Whirlibird: The devil IS in the details.

Precisely. There are a lot of little things that we simply take for granted, which (in SHTF scenarios) will simply cease to exist.

Spend some time living in a third world, and you’ll gain a MUCH greater appreciation for simple things like hot water on demand (or just running water in a house), washing machines, clean dishes and glasses, and that internal feeling of safety and security. Take away the internet access, cell phones, TVs with 100+ channels and even your favorite music on the radio… in other words, live like it’s the 1800’s and you’ll quickly find out how things REALLY are.

I worry for my kids, because they’ve known all this crap all their lives: IPads, internet, DVDs and television, all the other stuff that is designed to keep you entertained and preclude intelligent thought. When that entertainment is stripped away, they’ll have a tough time adapting to a life where their whims are NOT instantly satisfied… It won’t be easy for them, that’s for sure.

Another aspect of living in the RV in the colder months, is the heating.

Even newer RVs typically use single-pane windows, which means in the cold weather, the windows tend to build up condensation on the inside, and let the heat out at the same time. As well, RVs typically are NOT well insulated, so in either very hot or cold weather, temperature control to keep your rig livable can be problematic. Now, I don’t consider “livable” to be 72 degrees inside during the high-heat of summer or the dead of winter. I’m saying keep it at <80 during the worst of summer, and >65 during the winter, when temperatures get down into the 30s or 40s. Even THAT is a challenge.

I mentioned the insulation of RVs, even new ones, is terrible. Air is a terrible heat-transfer medium. To improve its effectiveness, we typically use fans to blow air over heat-transfer surfaces (such as the radiator in your car); to further degrade its effectiveness to transfer heat, we trap the air, and keep it from moving at all. That’s what insulation does. So insulation effectiveness increases with the thickness of air trapped in place, which is why R-30 insulation is significantly thicker than R-20 insulation that you’d find at the local Home Depot. More trapped air, less heat transfer. This all matters on RVs, because the walls of RVs are typically 2×2 studs, with 2″ of insulation in between the inner and outer skins. The outer later is typically either aluminum (excellent heat transfer medium) or fiberglass (good transfer medium), a tiny amount of usually fiberglass insulation, and then a 1/4″ sheet of wood. In other words, it’s not a good means of sealing out the heat or cold.
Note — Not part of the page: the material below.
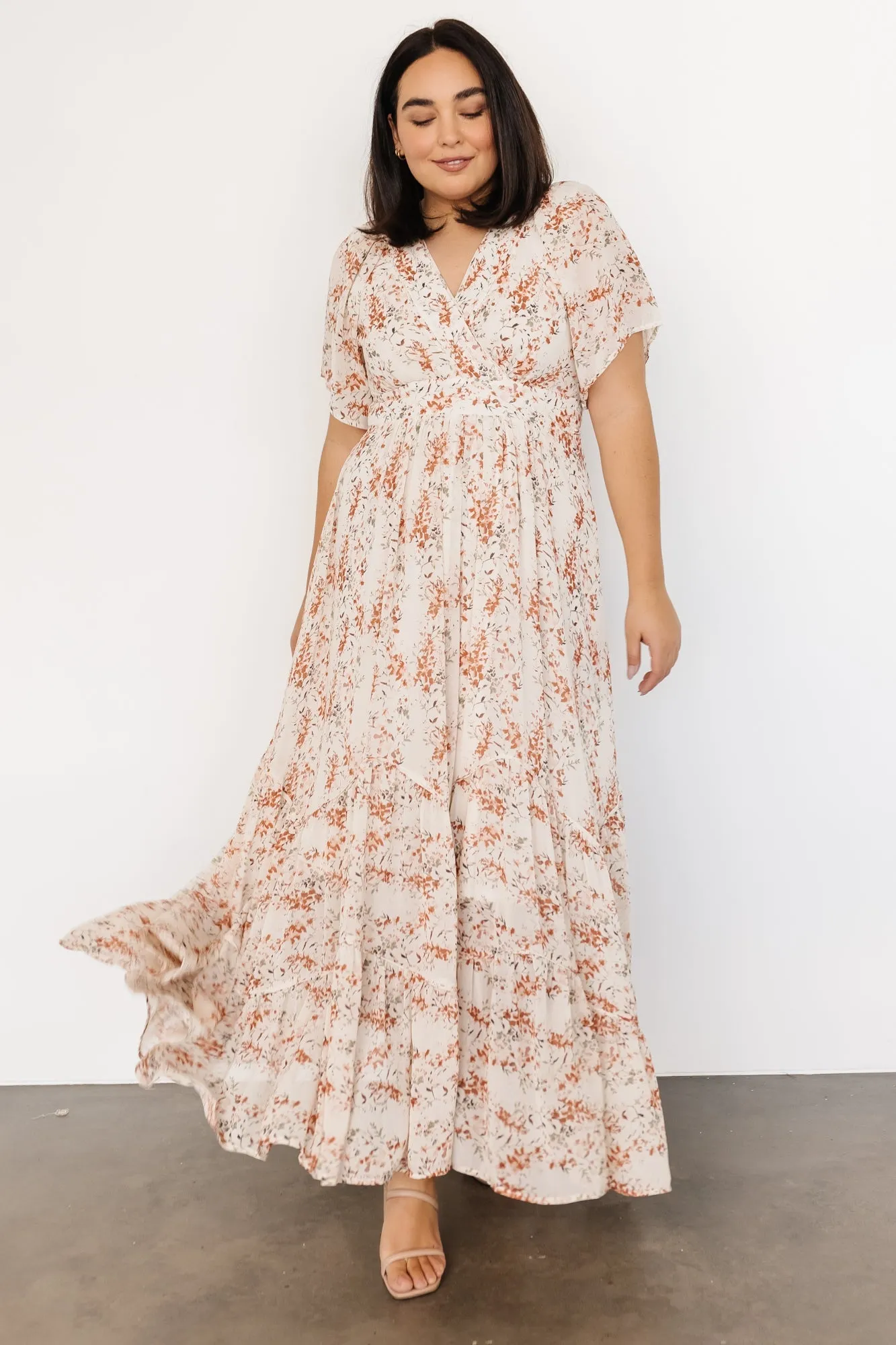 Katherine Maxi Dress | Cream + Rust Floral sold by Baltic Born product image thumbnail 2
You CAN replace the fiberglass with foam sheeting, which will help, but that requires gutting and re-walling the interior of your rig.

Short of that measure, you’re limited to using your internal (propane) heating system, which will quickly consume your on-board store of propane, or you have to find another means of heating your rig. In our case we decided to use two ceramic heaters, narrow models that stand 2 feet tall and draw 1500 watts at maximum load. With 400 amp-hours (assuming 80% depletion) at 12.5V, that means we could run one heater for 3 hours 20 minutes before the batteries are done. And one cold nights, that one heater will be running all night, pretty much nonstop, to keep the RV >65F. Such a solution is easily possible when using external “shore” power, but without it…? Hmmm. Clearly something needs to be done, but I’ve not yet determined a feasible solution for a SHTF situation. Short-term the obvious answer is more blankets, right? But that takes more storage space, which is already in short supply, another compromise solution which clearly isn’t the best. Better would be to insulate the RV better, but that would be seriously labor intensive and not guarantee sufficient results.